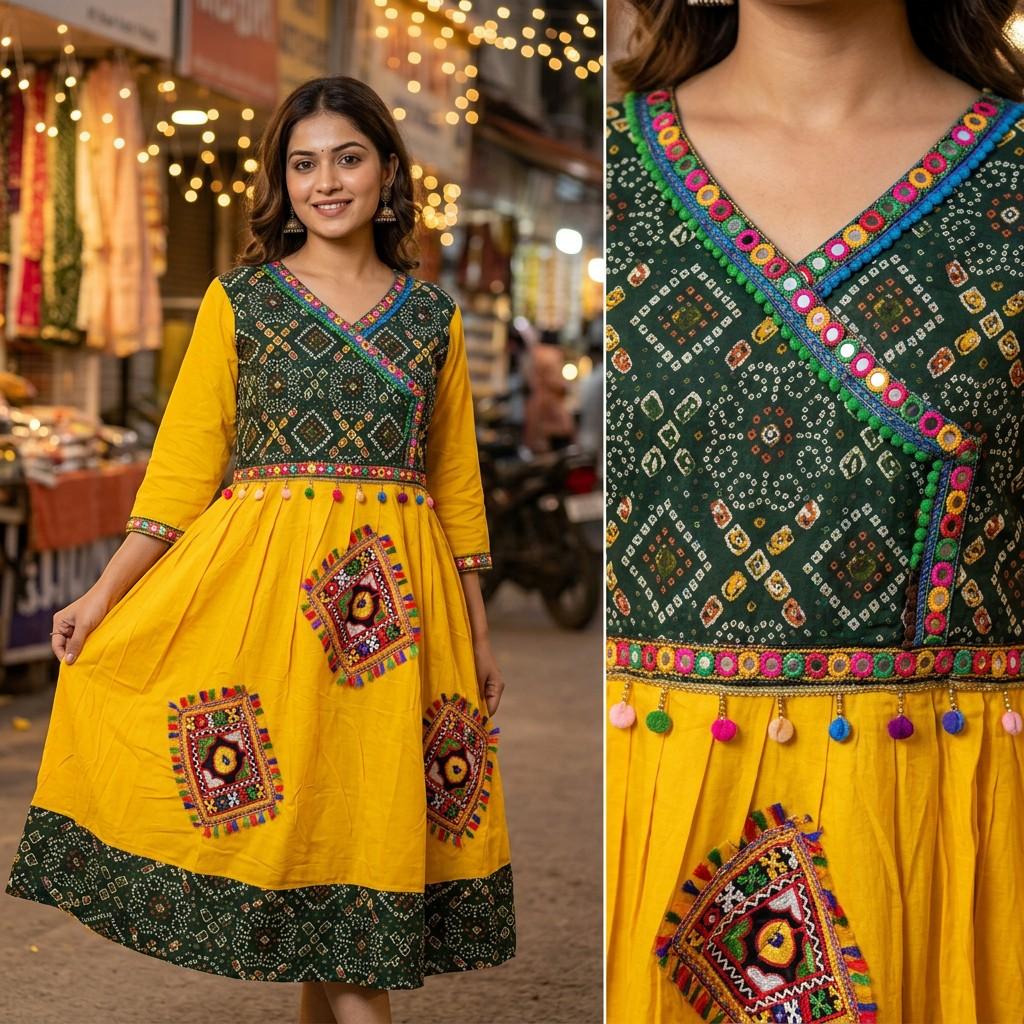 Yellow Flared Kurta with Mirror & Embroidered Patches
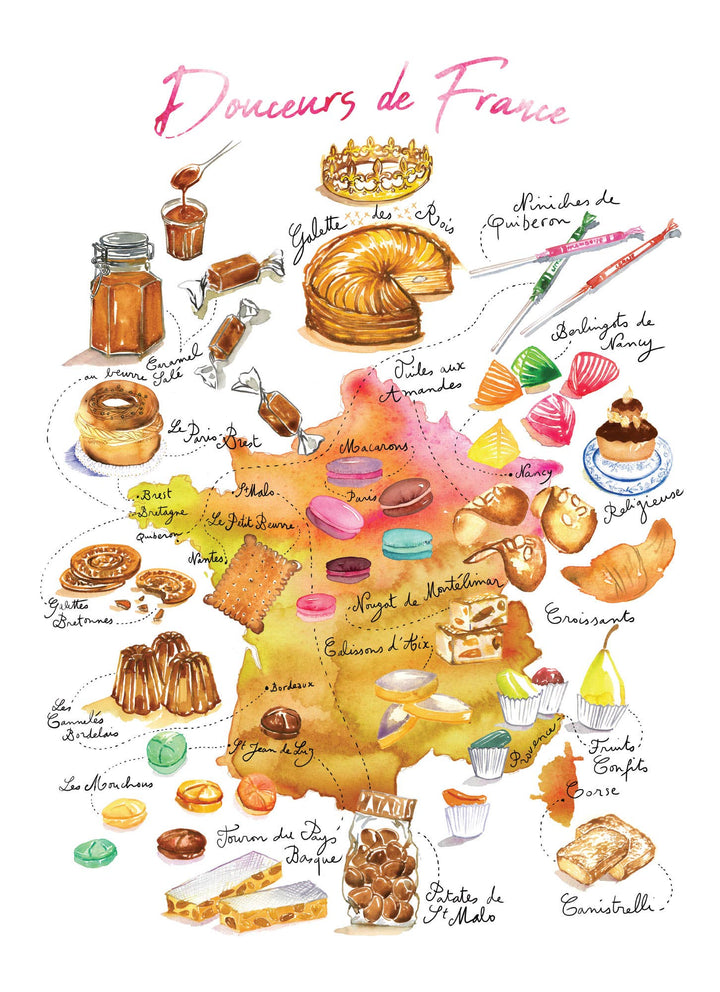 Maison Lorrain 31 French Desserts Tea Towel
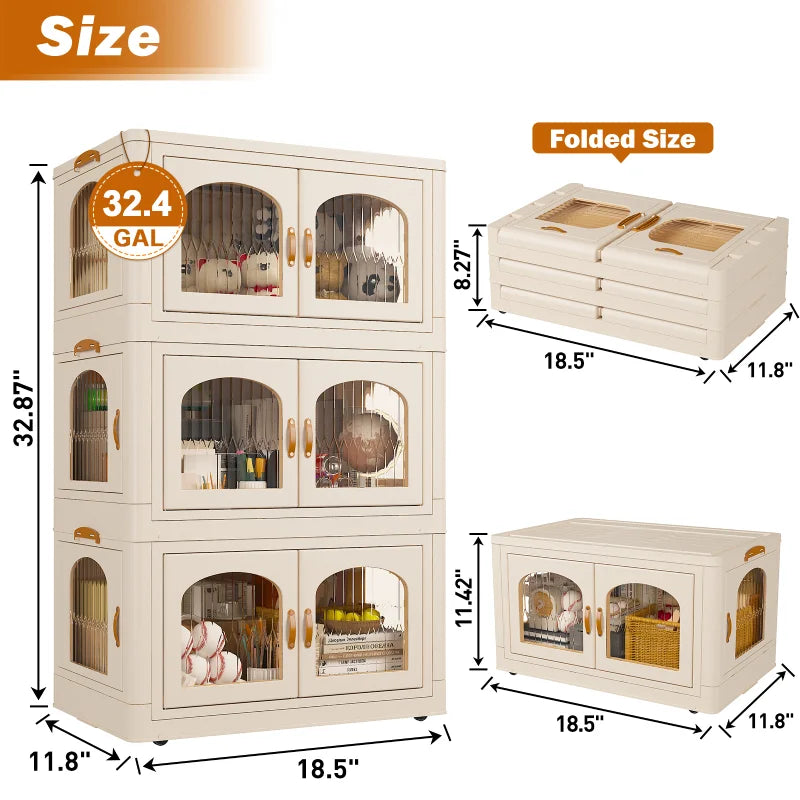 e Stackable Storage Bins with Lids and Wheels, 3PC-Aldronix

• _Assignment_
Every line of the material above must be written out exactly, with no pictures.

• _Response below_
 Yellow Flared Kurta with Mirror & Embroidered Patches
 Maison Lorrain 31 French Desserts Tea Towel
 e Stackable Storage Bins with Lids and Wheels, 3PC-Aldronix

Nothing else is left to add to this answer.